# Some chamber music classics IV - your recordings?



## joen_cph

As a continuation of a small series

http://www.talkclassical.com/41028-some-chamber-music-classics.html
http://www.talkclassical.com/41081-some-chamber-music-classics.html
http://www.talkclassical.com/41129-some-chamber-music-classics.html

this thread explores TC people´s recordings of some core chamber repertoire …

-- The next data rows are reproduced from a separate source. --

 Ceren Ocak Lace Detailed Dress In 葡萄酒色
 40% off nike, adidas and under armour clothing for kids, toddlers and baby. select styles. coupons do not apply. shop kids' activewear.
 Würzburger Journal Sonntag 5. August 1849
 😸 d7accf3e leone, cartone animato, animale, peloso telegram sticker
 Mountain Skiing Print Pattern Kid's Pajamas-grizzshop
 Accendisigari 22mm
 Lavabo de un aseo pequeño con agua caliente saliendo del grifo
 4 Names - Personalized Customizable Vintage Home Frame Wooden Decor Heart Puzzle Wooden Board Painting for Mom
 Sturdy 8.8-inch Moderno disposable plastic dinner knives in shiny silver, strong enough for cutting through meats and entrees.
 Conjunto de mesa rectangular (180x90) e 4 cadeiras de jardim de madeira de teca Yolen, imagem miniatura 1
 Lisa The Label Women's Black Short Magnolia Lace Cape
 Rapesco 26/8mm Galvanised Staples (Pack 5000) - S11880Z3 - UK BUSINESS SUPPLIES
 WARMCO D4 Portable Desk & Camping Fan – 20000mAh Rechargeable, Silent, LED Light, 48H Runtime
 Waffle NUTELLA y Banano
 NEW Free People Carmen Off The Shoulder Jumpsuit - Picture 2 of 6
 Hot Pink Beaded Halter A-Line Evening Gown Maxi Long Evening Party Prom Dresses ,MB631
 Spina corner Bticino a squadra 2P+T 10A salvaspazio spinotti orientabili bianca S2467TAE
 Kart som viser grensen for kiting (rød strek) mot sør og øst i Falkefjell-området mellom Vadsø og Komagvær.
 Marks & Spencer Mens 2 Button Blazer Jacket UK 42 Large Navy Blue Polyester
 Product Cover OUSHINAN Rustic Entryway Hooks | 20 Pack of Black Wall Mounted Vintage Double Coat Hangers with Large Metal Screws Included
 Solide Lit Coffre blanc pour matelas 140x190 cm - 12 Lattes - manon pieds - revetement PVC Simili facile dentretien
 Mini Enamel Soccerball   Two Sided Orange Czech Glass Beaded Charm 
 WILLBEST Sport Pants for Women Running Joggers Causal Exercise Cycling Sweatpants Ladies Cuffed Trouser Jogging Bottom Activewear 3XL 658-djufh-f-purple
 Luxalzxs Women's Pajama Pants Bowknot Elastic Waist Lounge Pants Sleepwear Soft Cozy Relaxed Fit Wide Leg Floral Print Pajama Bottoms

What recordings do you have? And maybe: what were the criteria? 
Partial answers allowed .

*- Bach: Partita for Solo Violin no.2

- Mozart: String Quartet, The Hunt

- Schubert: Quartet, Death & the Maiden

- Ravel: Piano Trio

- Schoenberg: String Sextet, Verklärte Nacht/Transfigured Night (incl. orchestral version)

- Shostakovich: Piano Quintet

*


----------



## Heliogabo

- Bach: Partita for Solo Violin no.2

My first set wast that of Uto Ughi, on RCA. I've heard it for years but more recently wanted to explore other performances, so I bought the Perlman (EMI) set, which I like, but I think it sounds pretty "romantic". I see the Nathan Milstein set highly recommended here and bought it last july, and yes, it's truly a wonderful rendition.

- Mozart: String Quartet, The Hunt

I'm done and satisifed with the Hagen quartet set. I have some other performances of other quartets but not this.

-Schubert quartet Death and the maiden

A natural favorite. For years I listened to the Budapest string quartet rendition, this was the one that made me fall in love with this piece. The quality recording is no that good so I searched for more modern recording and arrive to the Alban Berg quartett performances. I have both live and studio. As this is one of my favorite ensembles I enjoy a lot both recordings. Nevertheless my favorite is the Quarteto Italiano recording on Phillips, they take this piece out of this world. I discovered recommended here in TC.

-Ravel, piano trio

I have the Grumiaux trio recording but I'm not that familiar with this piece, need to give another listen to it.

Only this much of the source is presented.